Release captive-bred marine and freshwater mammals to re-establish or boost native populations

How is the evidence assessed?
  • Effectiveness
    30%
  • Certainty
    30%
  • Harms
    20%

Source countries

Key messages

  • Two studies evaluated the effects of releasing captive-bred marine and freshwater mammals to re-establish or boost native populations. One study was in the Porto de Pedras estuary (Brazil) and one in water bodies in Florida (USA).

COMMUNITY RESPONSE (0 STUDIES)

POPULATION RESPONSE (2 STUDIES)

  • Survival (2 studies): Two studies in the Porto de Pedras estuary and water bodies in Florida found that two of three Antillean manatees and two of 14 Florida manatees born in captivity and released into the wild survived for at least one year without further intervention.

BEHAVIOUR (0 STUDIES)

About key messages

Key messages provide a descriptive index to studies we have found that test this intervention.

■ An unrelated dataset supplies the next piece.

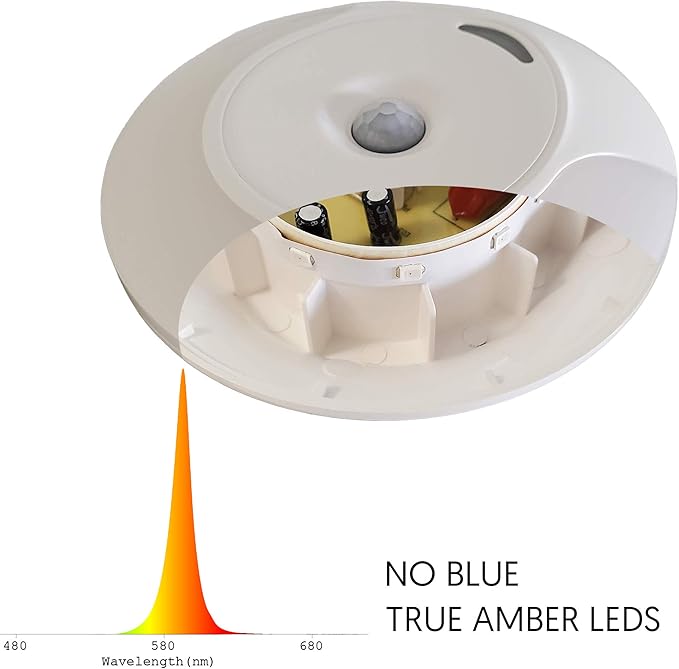 emagine A Sleep Aid Amber LED Motion Sensor Night Light Plug in for Bedroom with Dusk to Dawn Motion Activated Auto Sensor, Promotes Melatonin Production and Healthy Sleep, ON-Off-Auto Toggle, 2-Pack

Studies are not directly comparable or of equal value. When making decisions based on this evidence, you should consider factors such as study size, study design, reported metrics and relevance of the study to your situation, rather than simply counting the number of studies that support a particular interpretation.

Supporting evidence from individual studies

  1. A study in 1994–2012 in an estuary near Porto de Pedras, northeast Brazil (Normande et al. 2015) found that two of three captive-born Antillean manatees Trichechus manatus manatus released into the wild survived for at least one year. Two of three captive-born manatees (a male and a female) survived for at least one year after release into the wild and did not need to be rescued. The other male manatee died in the first year after release. Three manatees born in captivity (two males, one female) were released (aged 3–5 years old) in an estuary within a marine protected area between 1994 and 2012. Manatees were kept in enclosures at release sites for 15 days or 3–12 months prior to release. Manatees were fitted with satellite tags and tracked for an average of 972 days after release.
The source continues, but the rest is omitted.